Russische Streitkräfte bombardierten Charkiw, hatten Gebiete im Osten und Süden bis nach Cherson eingenommen und umzingelten die Hafenstadt Mariupol.
Aber sie stießen fast überall auf sehr starken ukrainischen Widerstand und hatten mit ernsthaften logistischen Problemen zu kämpfen, da die schlecht motivierten russischen Truppen unter Mangel an Nahrungsmitteln, Wasser und Munition litten.
Die ukrainischen Streitkräfte setzten auch schnell vom Westen gelieferte Waffen wie das Panzerabwehrsystem Nlaw ein, das sich als äußerst effektiv gegen den russischen Vormarsch erwies.
Im Oktober hatte sich das Bild dramatisch verändert und nachdem es Russland nicht gelang, Kiew einzunehmen, zog es sich vollständig aus dem Norden zurück.
Mehr als ein Jahr nach der Invasion hofft die Ukraine nun, dass ihre jüngste Gegenoffensive den Krieg zu ihren Gunsten wenden kann.

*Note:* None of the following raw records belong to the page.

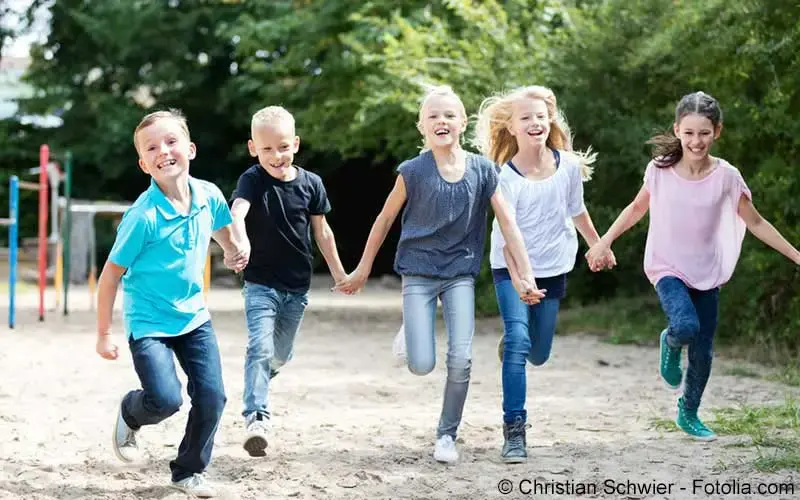 Spielende Kinder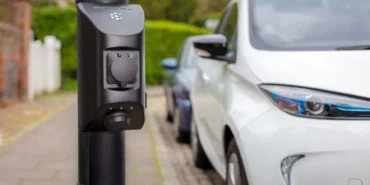 brighton-ve-hove-elektrikli-arac-devriminde-oncu-6-000-sarj-istasyonu-geliyor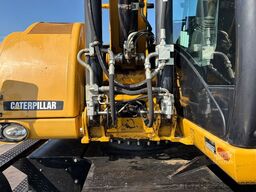 Caterpillar M313D VA - Outriggers + Blade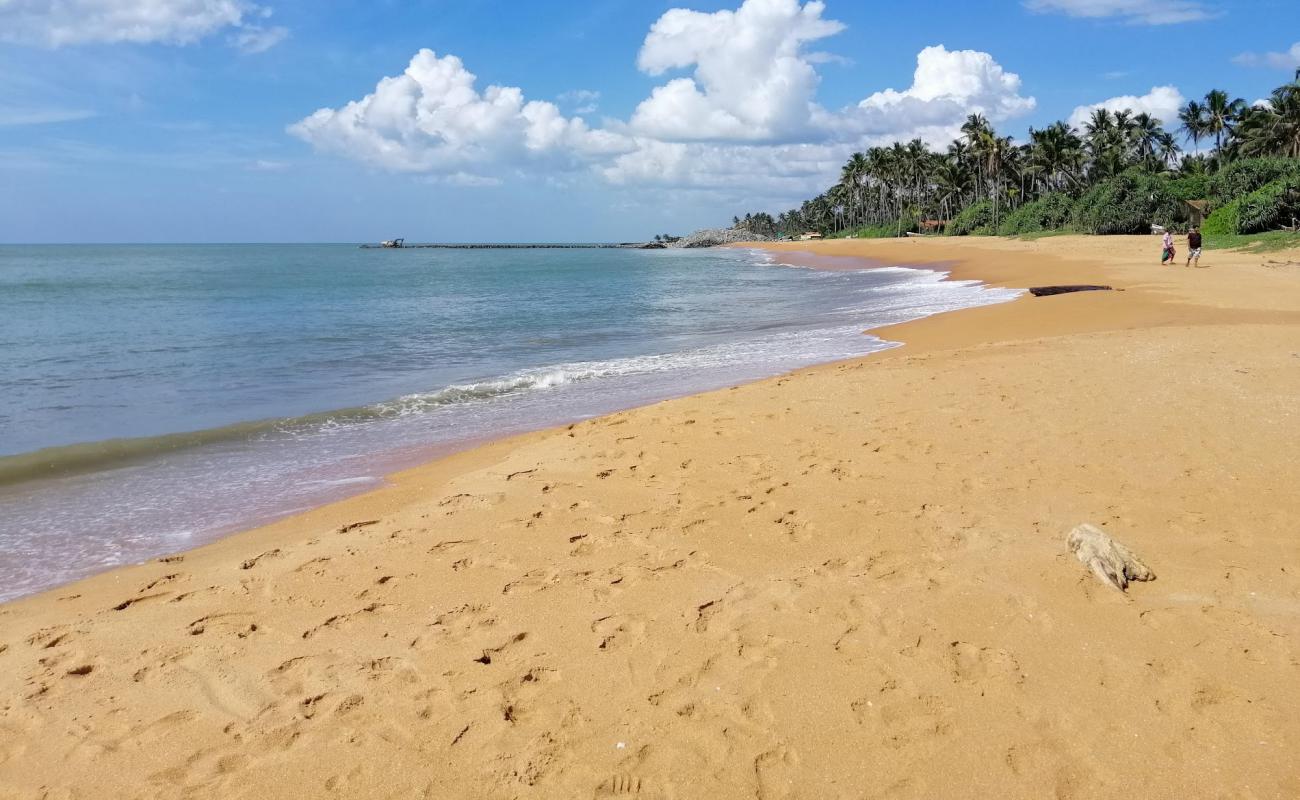 Photo de Vellamankada Beach avec sable lumineux de surface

Von David Brown, Bella Hurrell, Dominic Bailey, Mike Hills, Lucy Rodgers, Paul Sargeant, Alison Trowsdale, Tural Ahmedzade, Chris Clayton, Kady Wardell, Mark Bryson, Zoe Bartholomew, Sean Willmott, Sana Dionysiou, Joy Roxas, Gerry Fletcher, Jana Tauschinsk, Debie Loizou, Simon Martin und Prina Shah.
Über diese Karten
Um anzuzeigen, welche Teile der Ukraine von russischen Truppen kontrolliert werden, verwenden wir tägliche Einschätzungen, die vom Institute for the Study of War in Zusammenarbeit mit dem Critical Threats Project des American Enterprise Institute veröffentlicht werden . Um wichtige Bereiche aufzuzeigen, in denen Fortschritte erzielt werden, nutzen wir auch Aktualisierungen des britischen Verteidigungsministeriums und BBC-Recherchen.
Die Situation in der Ukraine ist oft schnelllebig und es wird wahrscheinlich Zeiten geben, in denen sich Änderungen ergeben, die sich nicht auf den Karten widerspiegeln.